Here we will annotate variants in HI genes in the gnomAD exomes sites HT, the gnomAD genomes sites HT, and the ClinVar HT with pext values.
out_dir = "gs://gnomad-public/papers/2019-tx-annotation/results/gene_list_comparisons/"
1 - Import HI genes
hi_genes = import_gene_list(curated_haploinsufficient_genes, gene_column="ENSGID", ensg=True)
There are two options for importing gene lists, either importing ENSG IDs, or importing gene symbols. gene_column
refers to the column in the file that contains your gene names, if the values are ENSGs, specify ensg = True
. You can specify peek = True
if you'd like to just like to import the gene list file and take a peek without doing anything.
2 - Annotate gnomAD exomes
mt, gtex = read_tx_annotation_tables(gnomad_release_mt_path, gtex_v7_tx_summary_ht_path, "ht")
mt = mt.filter_rows(hl.len(mt.filters) == 0)
mt_gnomad_hi = tx_annotate_mt(mt, gtex,"proportion",
filter_to_csqs=lof_csqs,
filter_to_genes=hi_genes, gene_column_in_mt="gene_id")
mt_gnomad_hi = mt_gnomad_hi.filter_rows(~hl.is_missing(mt_gnomad_hi.tx_annotation))
mt_gnomad_hi = pull_out_worst_from_tx_annotate(mt_gnomad_hi)
mt_gnomad_hi.rows().export("%sHI_genes.gnomad.exomes.r2.1.tx_annotated.021420.tsv.bgz" %out_dir)
- `gene_column_in_mt` is one of either `gene_id` (ENSG) or `gene_symbol` and tells the function which VEP field to look to filter to genes.

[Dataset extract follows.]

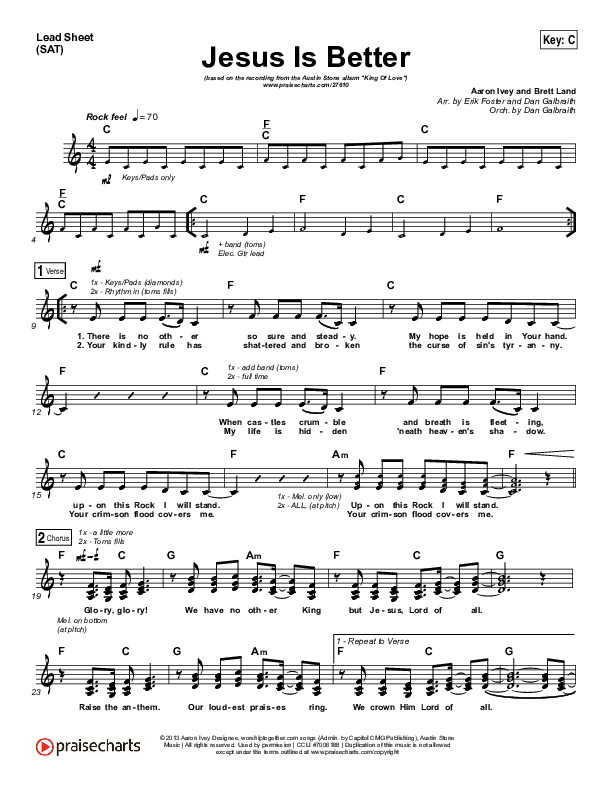 Jesus Is Better Lead Sheet (SAT) (Austin Stone Worship / Aaron Ivey)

- `mt = mt.filter_rows(hl.len(mt.filters) == 0)` filters variants to only those that are RF PASS.
3 - Annotate gnomAD genomes
mt_genomes, gtex = read_tx_annotation_tables(gnomad_genomes_release_mt_path, gtex_v7_tx_summary_ht_path, "ht")
mt_genomes = mt_genomes.filter_rows(hl.len(mt_genomes.filters) == 0)

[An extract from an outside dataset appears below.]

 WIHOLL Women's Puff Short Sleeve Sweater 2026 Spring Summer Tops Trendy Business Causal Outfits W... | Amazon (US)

mt_gnomad_hi = tx_annotate_mt(mt, gtex,"proportion",
filter_to_csqs=lof_csqs,
filter_to_genes=hi_genes, gene_column_in_mt="gene_id")
mt_gnomad_hi = mt_gnomad_hi.filter_rows(~hl.is_missing(mt_gnomad_hi.tx_annotation))
mt_gnomad_hi = pull_out_worst_from_tx_annotate(mt_gnomad_hi)
mt_gnomad_hi.rows().export("%sHI_genes.gnomad.genomes.r2.1.tx_annotated.021420.tsv.bgz" %out_dir)
4 - Annotate ClinVar
clinvar_mt, gtex = read_tx_annotation_tables(clinvar_ht_path, gtex_v7_tx_summary_ht_path, "ht")
mt_clinvar_hi = tx_annotate_mt(clinvar_mt, gtex,"proportion",
filter_to_csqs=lof_csqs, filter_to_genes=hi_genes,
gene_column_in_mt="gene_id")
mt_clinvar_hi = mt_clinvar_hi.filter_rows(~hl.is_missing(mt_clinvar_hi.tx_annotation))
mt_clinvar_hi = pull_out_worst_from_tx_annotate(mt_clinvar_hi)
mt_clinvar_hi = mt_clinvar_hi.annotate_rows(**mt_clinvar_hi.info)
mt_clinvar_hi = mt_clinvar_hi.drop("vep", "tx_annotation","info")
mt_clinvar_hi.rows().export("%sHI_genes.clinvar.alleles.single.b37.tx_annotated.021420.tsv.bgz" %out_dir)
The fields are dropped to save space.